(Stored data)
--

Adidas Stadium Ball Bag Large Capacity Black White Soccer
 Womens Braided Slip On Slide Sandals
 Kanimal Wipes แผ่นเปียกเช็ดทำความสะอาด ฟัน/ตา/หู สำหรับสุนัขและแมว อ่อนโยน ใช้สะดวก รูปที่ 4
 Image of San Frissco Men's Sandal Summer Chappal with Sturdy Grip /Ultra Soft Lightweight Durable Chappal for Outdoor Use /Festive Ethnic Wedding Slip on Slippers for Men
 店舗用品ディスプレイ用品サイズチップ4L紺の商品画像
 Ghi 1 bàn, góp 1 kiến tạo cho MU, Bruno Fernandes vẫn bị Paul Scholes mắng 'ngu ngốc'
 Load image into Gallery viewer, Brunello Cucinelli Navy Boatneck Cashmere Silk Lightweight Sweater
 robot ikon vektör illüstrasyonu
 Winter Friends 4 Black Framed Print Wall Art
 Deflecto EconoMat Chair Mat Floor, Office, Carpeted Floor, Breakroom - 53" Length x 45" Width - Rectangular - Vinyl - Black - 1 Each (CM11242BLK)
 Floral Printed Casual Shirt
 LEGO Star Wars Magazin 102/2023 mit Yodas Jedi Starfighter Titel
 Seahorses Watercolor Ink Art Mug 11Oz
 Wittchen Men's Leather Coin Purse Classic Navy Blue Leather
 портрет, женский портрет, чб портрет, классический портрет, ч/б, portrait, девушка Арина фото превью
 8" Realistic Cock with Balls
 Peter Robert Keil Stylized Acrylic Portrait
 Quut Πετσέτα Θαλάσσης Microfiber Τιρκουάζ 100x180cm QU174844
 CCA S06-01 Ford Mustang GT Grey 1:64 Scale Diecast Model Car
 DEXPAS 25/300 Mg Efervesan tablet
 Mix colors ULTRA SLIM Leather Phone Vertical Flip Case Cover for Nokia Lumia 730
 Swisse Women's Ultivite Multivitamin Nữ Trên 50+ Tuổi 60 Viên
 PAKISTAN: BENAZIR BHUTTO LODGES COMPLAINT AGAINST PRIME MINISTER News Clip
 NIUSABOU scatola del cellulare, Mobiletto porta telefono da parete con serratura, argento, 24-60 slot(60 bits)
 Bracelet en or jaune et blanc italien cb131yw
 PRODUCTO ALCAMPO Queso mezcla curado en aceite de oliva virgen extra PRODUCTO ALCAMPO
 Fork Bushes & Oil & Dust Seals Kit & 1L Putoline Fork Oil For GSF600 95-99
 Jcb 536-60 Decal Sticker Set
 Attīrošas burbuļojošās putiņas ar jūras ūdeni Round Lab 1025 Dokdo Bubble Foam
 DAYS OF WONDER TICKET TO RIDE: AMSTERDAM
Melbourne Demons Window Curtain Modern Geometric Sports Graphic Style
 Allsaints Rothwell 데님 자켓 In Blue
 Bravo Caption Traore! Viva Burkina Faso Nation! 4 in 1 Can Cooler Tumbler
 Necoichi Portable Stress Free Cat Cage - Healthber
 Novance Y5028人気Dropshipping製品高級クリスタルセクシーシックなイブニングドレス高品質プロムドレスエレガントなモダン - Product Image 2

--

## Work item
Return word for word the lines above from the line with "robot ikon vektör illüstrasyonu" to the line with "LEGO Star Wars", including both and leaving out all others.

## Solution
 robot ikon vektör illüstrasyonu
 Winter Friends 4 Black Framed Print Wall Art
 Deflecto EconoMat Chair Mat Floor, Office, Carpeted Floor, Breakroom - 53" Length x 45" Width - Rectangular - Vinyl - Black - 1 Each (CM11242BLK)
 Floral Printed Casual Shirt
 LEGO Star Wars Magazin 102/2023 mit Yodas Jedi Starfighter Titel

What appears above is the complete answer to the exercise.